QUERIES_RESOURCE = 'USERS_QUERIES'


class CheckerException(Exception):
    pass


class ConfigPath(parameters.SandboxArcadiaUrlParameter):
    name = 'config_path'
    description = 'Path to config file'
    default_value = 'arcadia:/arc/trunk/arcadia/extsearch/wizards/schema_tests/config.json'
    required = True


class FilterType(parameters.SandboxSelectParameter):
    name = 'filter_type'
    description = 'How to filter result'
    choices = [
        ('type/subtype', 'type_subtype'),
        ('counter_prefix', 'counter_prefix'),
        ('other', 'other'),
    ]
    required = True


class FilterValue(parameters.SandboxStringParameter):
    name = 'filter_value'
    description = 'Value of filter (type/subtype - with /)'
    required = False


class ServerString(parameters.SandboxStringParameter):
    name = 'servername'
    description = 'Serverstring (host + path) for shooting'
    default_value = 'hamster.yandex.ru/search/'
    required = True


class Metahost(parameters.SandboxStringParameter):
    name = 'metahost'
    description = 'Metahost'
    required = False


class YtTokenName(parameters.SandboxStringParameter):
    name = 'yt_token'
    description = 'Name of YT token in the vault'
    required = False


class WebResultSchemaCheckerBase(SandboxTask):
    type = 'WEB_RESULT_SCHEMA_CHECKER_BASE'
    dns = ctm.DnsType.DNS64
    client_tags = ctc.Tag.Group.LINUX

    input_parameters = [ConfigPath, FilterType, FilterValue, ServerString, Metahost, YtTokenName]

    environment = (
        environments.PipEnvironment('yandex-yt'),
    )

    def make_email(self):
        subj = "WebResultSchemaCheckerBase failure"
        text = "Abstract text about failure details.
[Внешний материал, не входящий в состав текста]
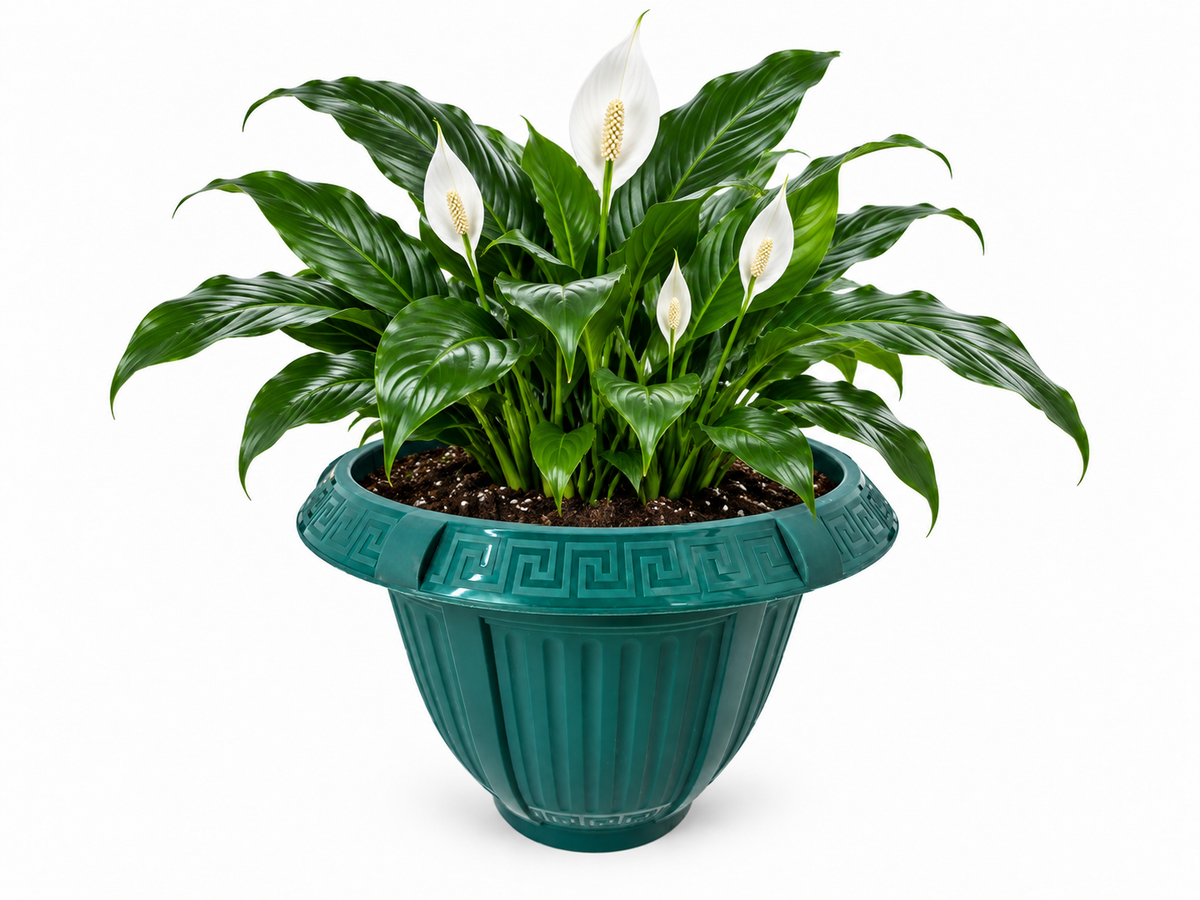 6 Piece - Deep Teal Green Greek Key Planter, 9” x 7” (NOVEMBER PICK UP SALE)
Task {}".format(lb.task_link(self.id, 0))
        return subj, text

    def on_failure(self):
        SandboxTask.on_failure(self)
        emails = self.ctx.get('failure_emails')
        if emails:
            logging.info('Try to send email...')
            if isinstance(emails, list):
                pass
            elif isinstance(emails, (str, unicode)):
                emails = [emails.split(',')]
            else:
                return

            (subj, text) = self.make_email()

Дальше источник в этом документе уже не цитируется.